Zwar war die Frage, ob der Beschwerdeführer Anspruch auf Verfahrenshilfe habe, auch schon, wie vom Beschwerdegegner geltend gemacht, Gegenstand des Individualbeschwerdeverfahrens zu StGH 2010/113. Indessen konnte der Staatsgerichtshof in jenem Verfahren die Frage offen lassen, ob dem Beschwerdeführer die Verfahrenshilfe (auch) wegen fehlender Bedürftigkeit hätte abgesprochen werden dürfen. Denn aus grundrechtlicher Sicht war jedenfalls nicht zu beanstanden, dass im dortigen Verfahren die Prozessführung für den Beschwerdeführer als aussichtslos qualifiziert worden war. Abgesehen davon muss die Bedürftigkeit nicht zwingend für verschiedene Verfahren gleich beurteilt werden, da jeweils auch die voraussichtlichen Verfahrenskosten in Relation zu Einkommen und Vermögen zu setzen sind.
3. Aus all diesen Erwägungen war der vorliegenden Individualbeschwerde spruchgemäss Folge zu geben.
4. Im Kostenspruch waren dem Beschwerdeführer die richtig verzeichneten Kosten in der beantragten Höhe zuzusprechen. Hingegen war der Beschwerdegegner zum Kostenersatz zu verurteilen und nicht, wie beantragt, das Land Liechtenstein. Denn wenn einem Individualbeschwerdeverfahren ein Zwei-Parteien-Verfahren zugrunde liegt, sind die Kosten nicht dem Staat, sondern der unterliegenden Partei aufzuerlegen (siehe StGH 1998/45, LES 2000, 1 [7, Erw. 6]; vgl. auch Tobias Michael Wille, a. a. O., 694 mit weiteren Rechtsprechungsnachweisen).

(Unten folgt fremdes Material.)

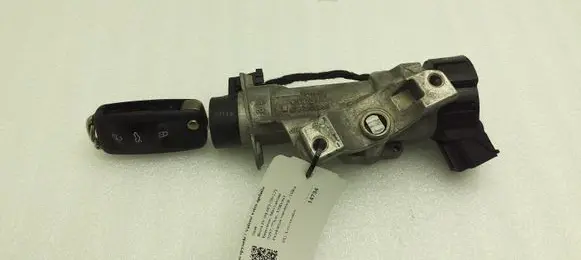 Seat Ibiza IV (6J,6P) Ignition lock 6R0905851D 7N5837202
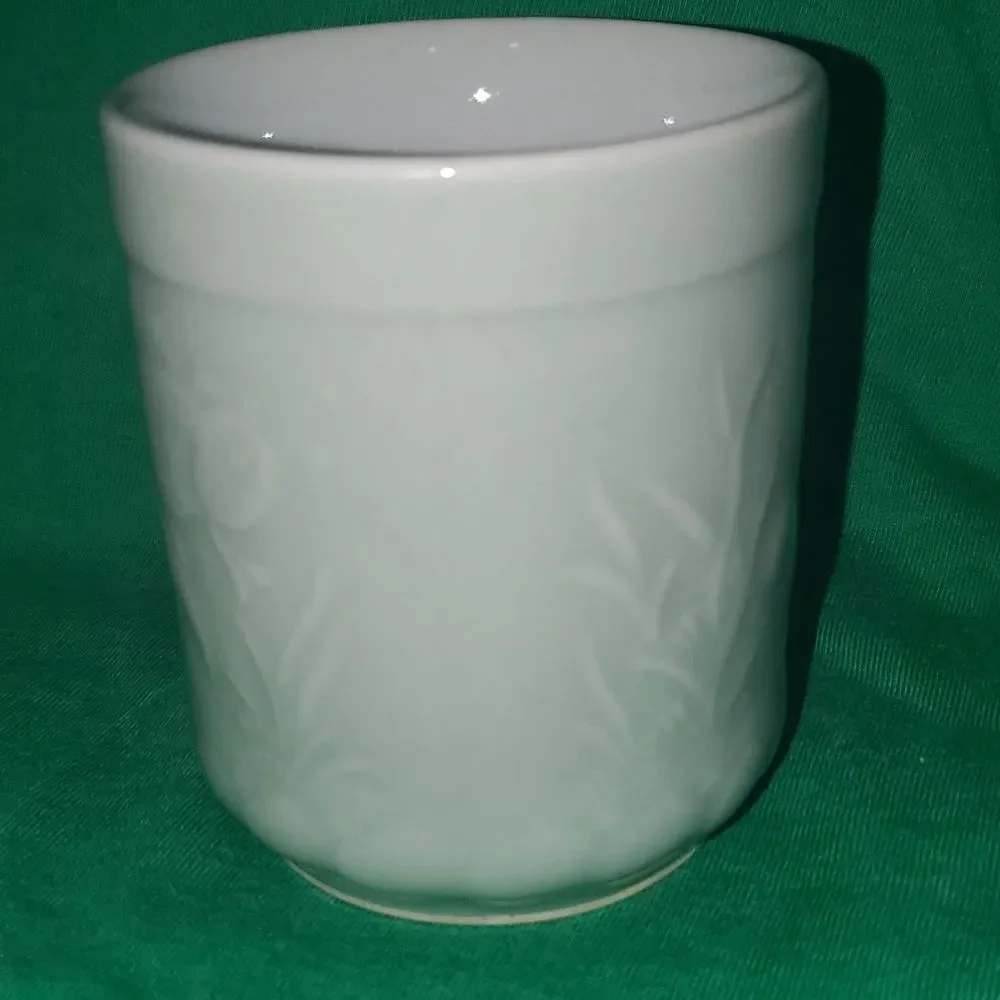 Vintage Longquan Celadon Koi Carp Fish Tea Coffee Cup 8 0z.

Soweit der Beschwerdeführer im Weiteren die Bezahlung des Kostenersatzes unter Verweis auf Art. 24 Abs. 2 RAG direkt an seinen Rechtsvertreter verlangt, ist dem Folgendes entgegenzuhalten: Gemäss dieser RAG-Bestimmung kann "die zum Kostenersatz verpflichtete Partei ... die Kosten jederzeit über den [gemäss Art. 24 Abs. 1 RAG] pfandberechtigten Rechtsanwalt und, solange dieser die Bezahlung an ihn nicht gefordert hat, auch an die Partei wirksam bezahlen". Es ist somit allein Sache des Rechtsvertreters des Beschwerdeführers, im Sinne von Art. 24 Abs. 2 RAG vom Beschwerdegegner die Zahlung an sich zu verlangen.
Im Übrigen stützt sich der Kostenspruch auf Art. 56 Abs. 1 StGHG i. V. m. Art. 19 Abs. 1 sowie Abs. 5 GGG.